Depuis la révolution de 1979, la République islamique reconnaît les zoroastriens comme une «minorité religieuse» et leur accorde la liberté de culte. Ils sont représentés au Parlement avec un député élu par leurs soins, qui siège aux côtés de trois chrétiens (deux Arméniens et un Assyrien) et d’un juif. «Les lois nous protègent. Les zoroastriens sont des membres actifs de la société iranienne. Beaucoup d’entre eux sont secrétaires, professeurs d’université, employés du gouvernement ou ouvriers», assure Bahram Demehri. En revanche, le rang d’officier de l’armée leur est interdit, ainsi que la possibilité d’être candidat à la présidence de la République.

Freddie Mercury, le plus célèbre

Au fil des siècles, les zoroastriens ont pris l’habitude de rester discrets, se gardant de tout prosélytisme. Ils ont également dû abandonner certaines de leurs traditions, comme les «funérailles célestes» au sommet des «tours de silence», des monticules situés dans le désert, à la périphérie de Yazd. Ils y disposaient leurs morts pour qu’ils y soient dévorés par les oiseaux charognards, vautours et corbeaux en tête. Depuis l’interdiction de cette pratique pour raisons sanitaires à la fin des années 1960, le site déserté accueille les curieux et les zoroastriens enterrent leurs défunts dans un cimetière implanté à proximité.

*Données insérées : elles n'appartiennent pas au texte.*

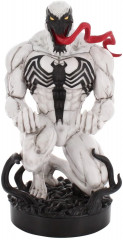 Фигурка-подставка для девайсов «Anti-Venom» - Фото 14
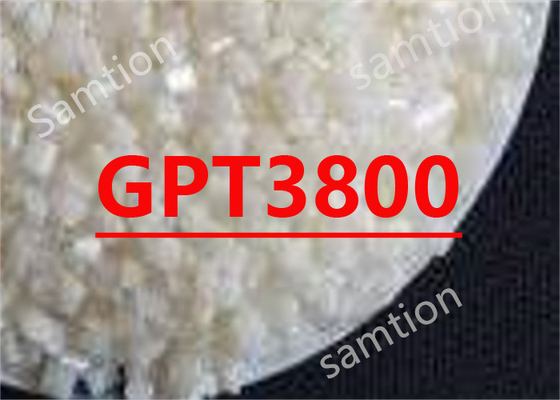 S-Plastic Cycolac GPT3800 AUTOMOTIVE: Super tác động cao cho các ứng dụng nội thất. màu tự nhiên và tùy chỉnh có sẵn. cao g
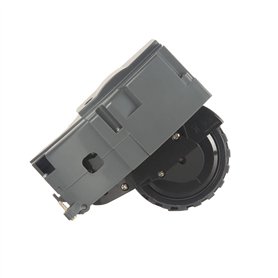 iRobot 4420153 Roomba 500 600 700 800 900 Série- Module De Roue Gauche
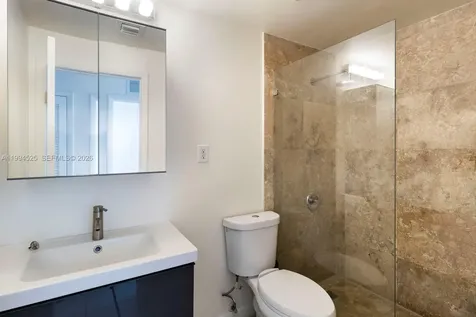 1185 Marseille Drive Miami Beach FL 33141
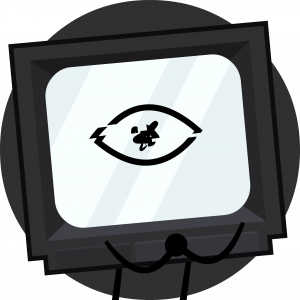 Zzzzz 1773848810s6analog — All WOW Casts Predictions/Rankings option 199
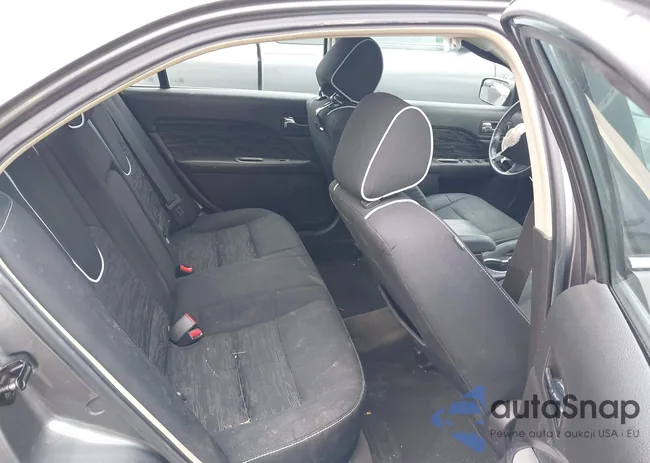 3FAHP0HA6CR392603: 44443402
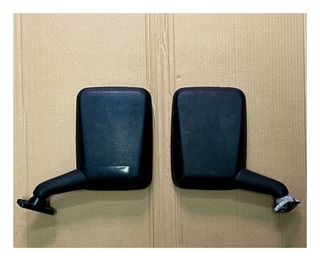 Espejos Retrovisores Exteriores VW T3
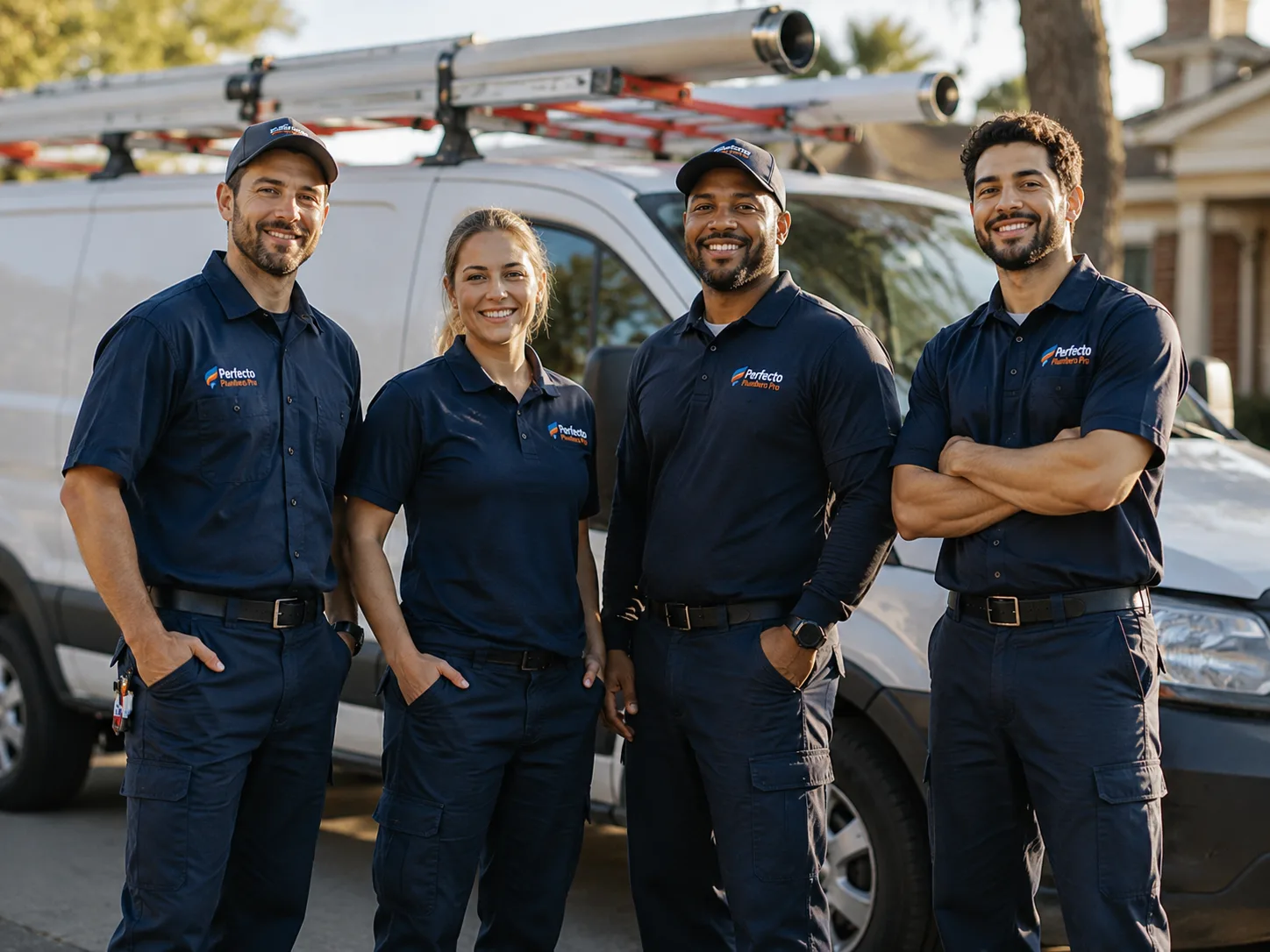Emergency Plumber Near Me in Blacksburg, SC near me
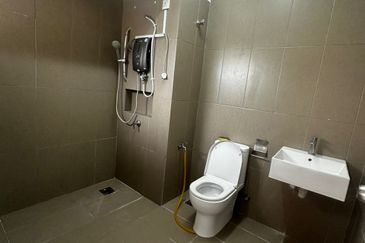 Bandar Mahkota Banting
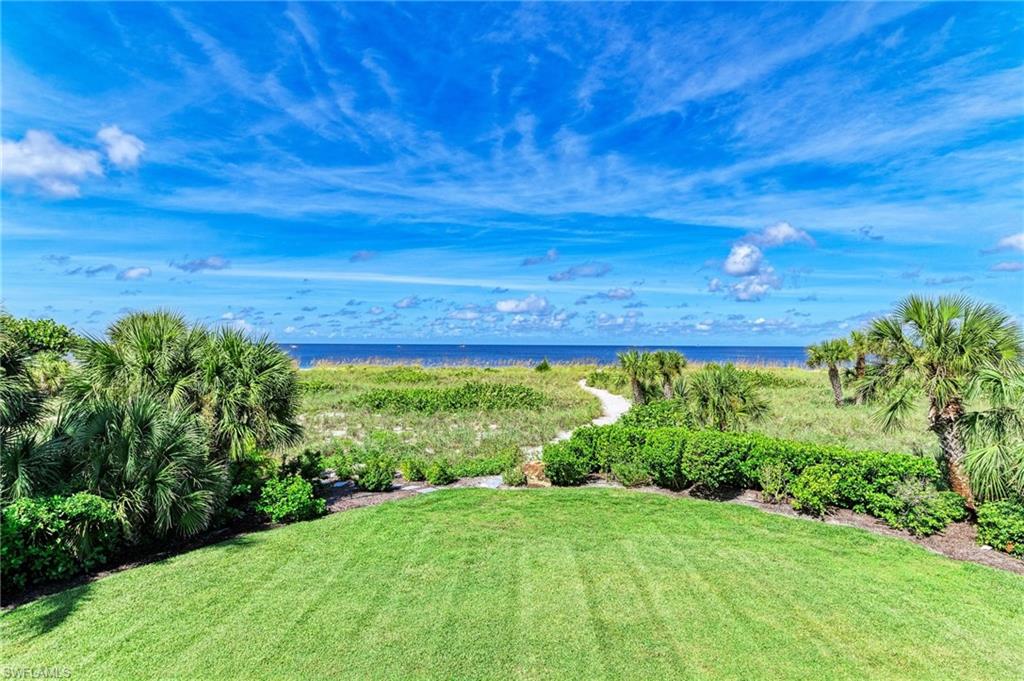 BAY TO BEACH - Residential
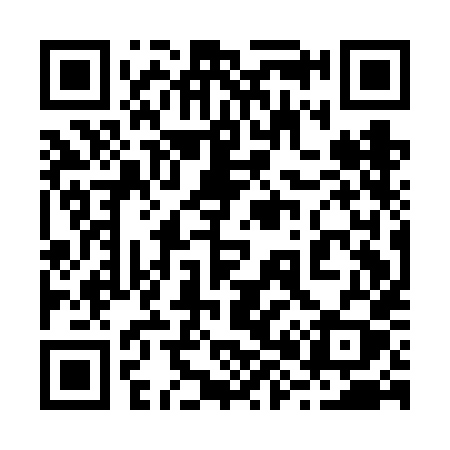 QR code for 281FHY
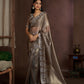 Catalog Designer Saree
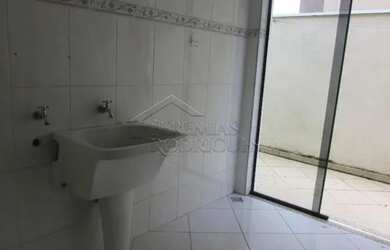 Imagem 7: Casa Condomínio em Pindamonhangaba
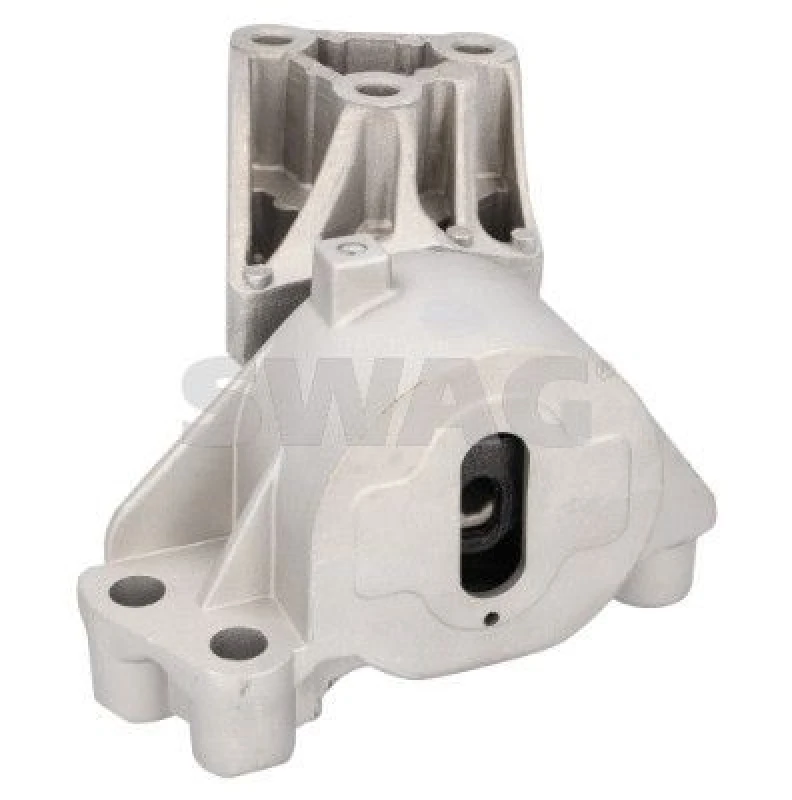 Image of Engine mount SWAG 33 11 1144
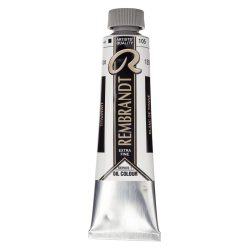 OLEO REMB  40ML Blanco Titanio 105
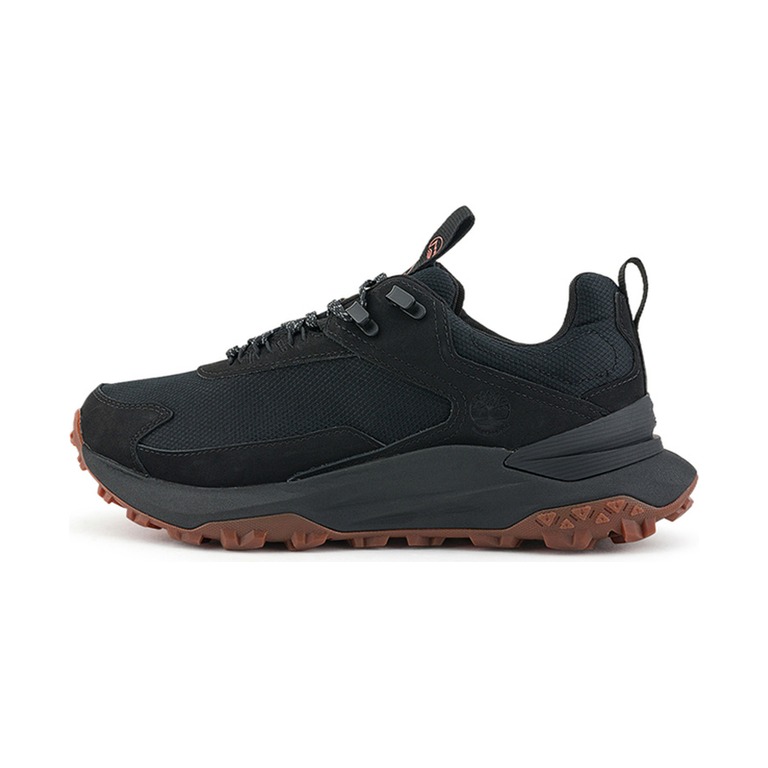 Timberland Motion Access 'University Red / Coconut Milk / University Gold / University Red' Мужские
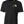 '25 Pottsville Basketball - Apache Logo - Left Chest Logo - Toddler & Youth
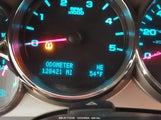 GMC SIERRA 2500HD SLE 1GT120C88EF140611 снимка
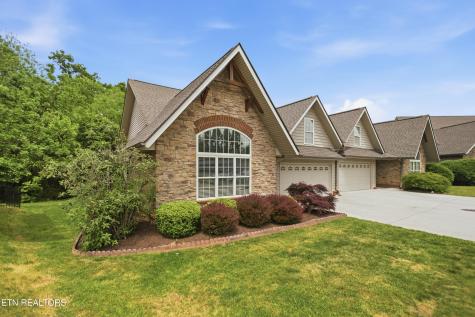 2222 Mccampbell Wells Way Knoxville TN 37924
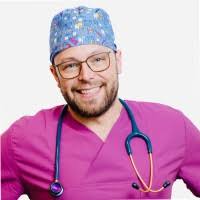 Daniel Rainer Email & Phone Number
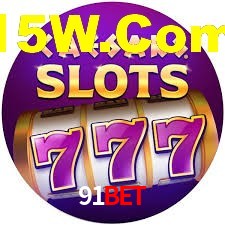 91Bet App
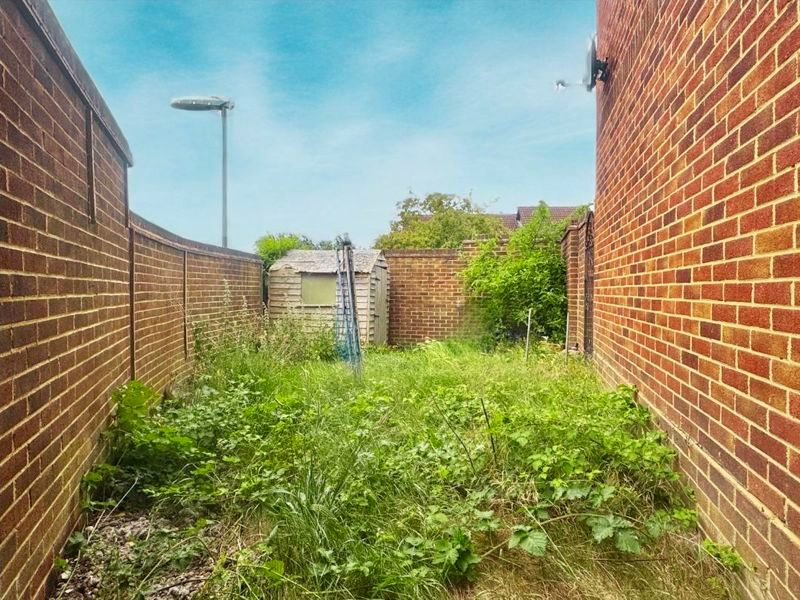 Property photo 2 of 2 Photo 2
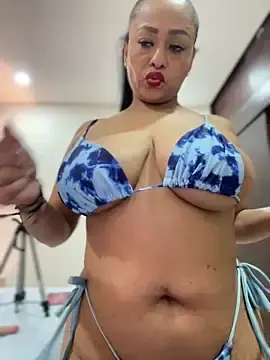 Stripchat Best Webcam of sofia_xxx02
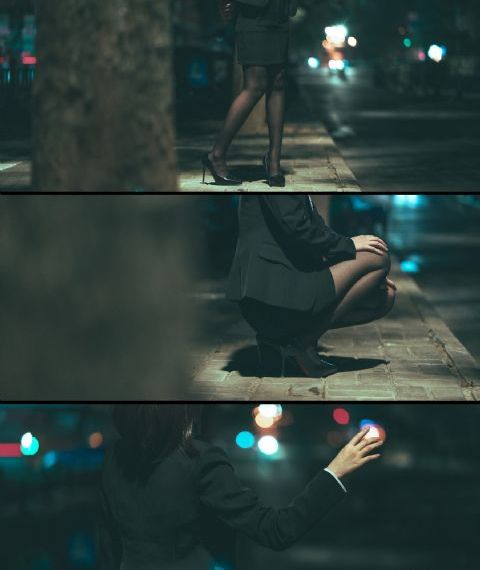 真实韩剧在线观看完整版电视剧_高清完整版BD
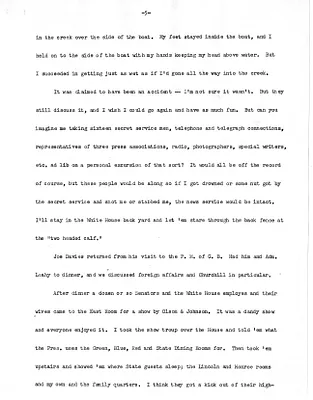 p. 5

Pour l’avenir, l’un des défis est de maintenir les rites alors que la communauté s’éparpille dans le monde, avec le départ de nombreux jeunes vers les États-Unis, le Canada ou l’Europe. «Des efforts ont été faits pour moderniser les rites. Mais il est difficile de demander à des jeunes qui aiment la pizza de manger nos pains traditionnels insipides cuits à l’occasion des célébrations», explique Bahram Demehri.

Alors qu’il ne resterait qu’environ 35 000 zoroastriens en Iran, des centres ouvrent à l’étranger, comme celui qui occupe depuis peu un bâtiment historique en Californie, où vit une importante communauté iranienne. Le plus célèbre de ces exilés est Freddie Mercury, le chanteur du groupe Queen, dont la famille zoroastrienne avait quitté l’Inde pour s’installer en Angleterre. Après son décès en 1991, une partie de ses obsèques se déroula selon les rites zoroastriens.